Google launched an update for Voice Access so that it can automatically detect icons using only the pixel values displayed on the screen, regardless of whether icons have been given suitable accessibility labels or not. With this update, the users will have more control over Android devices using voice commands.

Apparently, Voice Access needs on-screen user interface (UI) elements to have reliable accessibility labels to function properly. These elements are provided to the operating system’s accessibility services via the accessibility tree. However, the usability of Voice Access sometimes reduces because, in many apps, adequate labels aren’t always available for UI elements.

Therefore, to address the issue, Google came up with a way where a machine learning model automatically detects icons on the screen based on UI screenshots. In this way, Voice Access can determine whether elements like images and icons have accessibility labels, or the labels are provided to Android’s accessibility services.

The updated Google Voice Access introduces a vision-based object detection model called IconNet. This model can automatically detect 31 types of icons on the screen in a manner that is agnostic to the underlying structure of the app being used, launched as part of the latest version of Voice Access.

Furthermore, this model is optimized to run on-device for mobile environments, with a compact size and fast inference time to enable a seamless user experience. According to a Google blog post, the tech giant is currently working on improving the model and hopes that it can extend the icon detection capability to 70 types in near future.

How does Google detect icons?

The Google scientists wrote in their blog post that the problem of detecting icons on app screens is similar to classical object detection. Based on the novel CenterNet architecture, here, IconNet extracts features from input images and then predicts appropriate bounding box centers and sizes. In order to train the IconNet, they collected and labeled more than 700,000 app screenshots, streamlining the process by using heuristics, auxiliary models, and data augmentation techniques to identify rarer icons and enrich existing screenshots with infrequent icons.

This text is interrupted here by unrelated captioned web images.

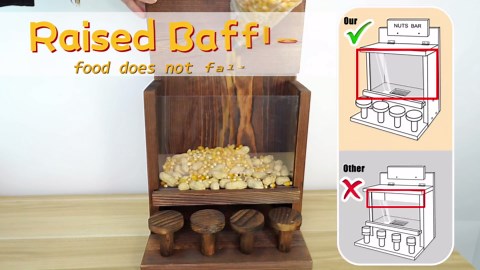 Carbonized Squirrel Feeder, Large Squirrel Feeders for Outside Funny Squrrill Nuts Bar, Durable Wooden Chipmunk House Box for Corn Peanuts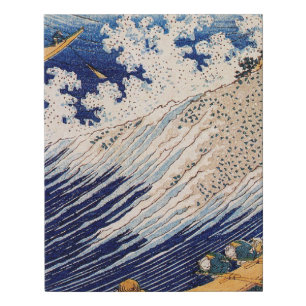 Hokusai Ocean Waves Sea Boats Faux Canvas Print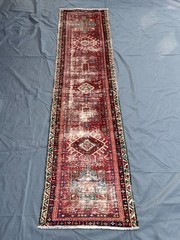 Antique Caucasian Kazak Runner 2 x 8 Ft – Distressed Low Pile Persian style Rug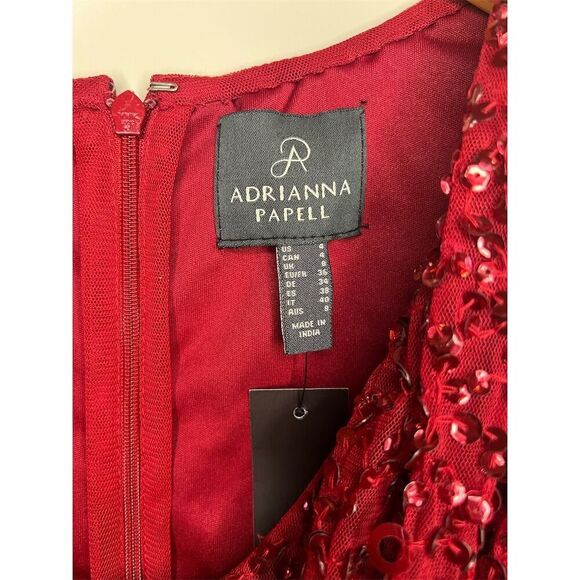 Adrianna Papell Women's Sequined Cowl Neck Sheath Dress Red Size 4​ - Picture 8 of 13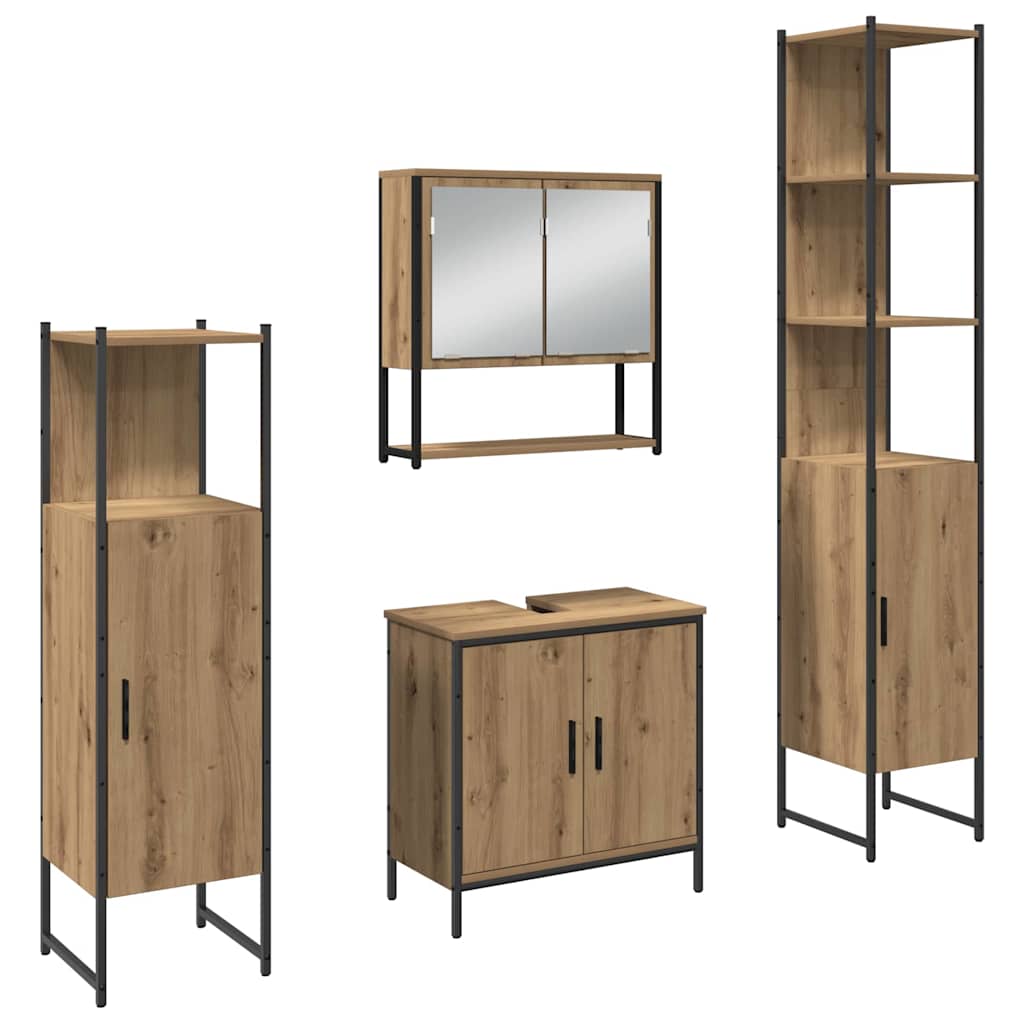 Bathroom Furniture Set with Door 4 pcs Brown 33 x 33 x 185.5 cm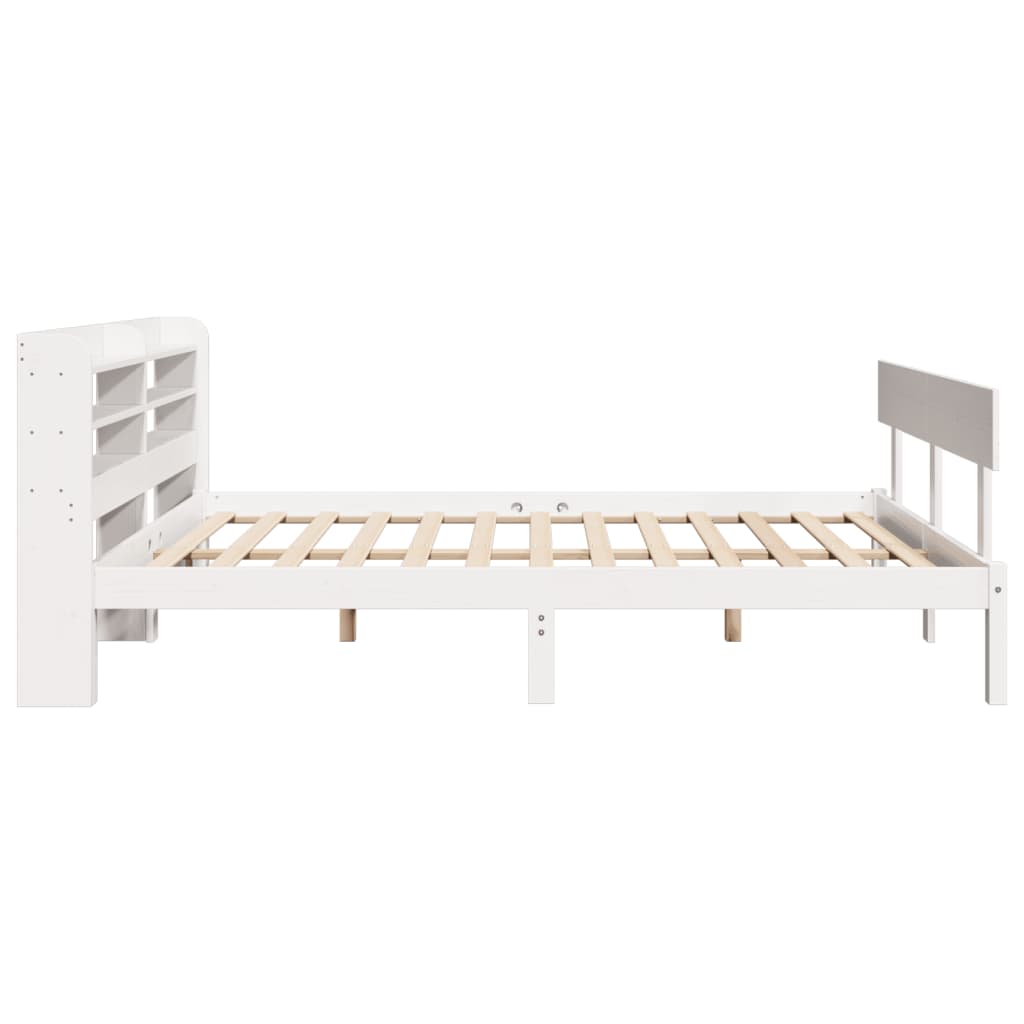 sengeramme uden madras 160x200 cm massivt fyrretræ hvid
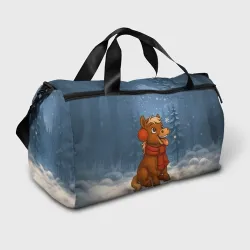 Сумка спортивная 3D Лошадка ловит снежинку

Now, Voice Access can easily identify the icons when actions are performed by tapping anywhere in the region of the UI element of interest. So, whenever the users refer to icons detected by IconNet by their names, e.g. “Tap Gallery”, Voice Access can detect it faster than before.

Gilles Baechler and Srinivas Sunkara, the Google Software Engineers at Google Research said in a blog post, “We are constantly working on improving IconNet. Among other things, we are interested in increasing the range of elements supported by IconNet to include any generic UI element, such as images, text, or buttons. We also plan to extend IconNet to differentiate between similar looking icons by identifying their functionality. On the application side, we are hoping to increase the number of apps with valid content descriptions by augmenting developer tools to suggest content descriptions for different UI elements when building applications”.

Google introduced Voice Access back in 2016 and is still working on a number of projects based on the voice command coupled with AI.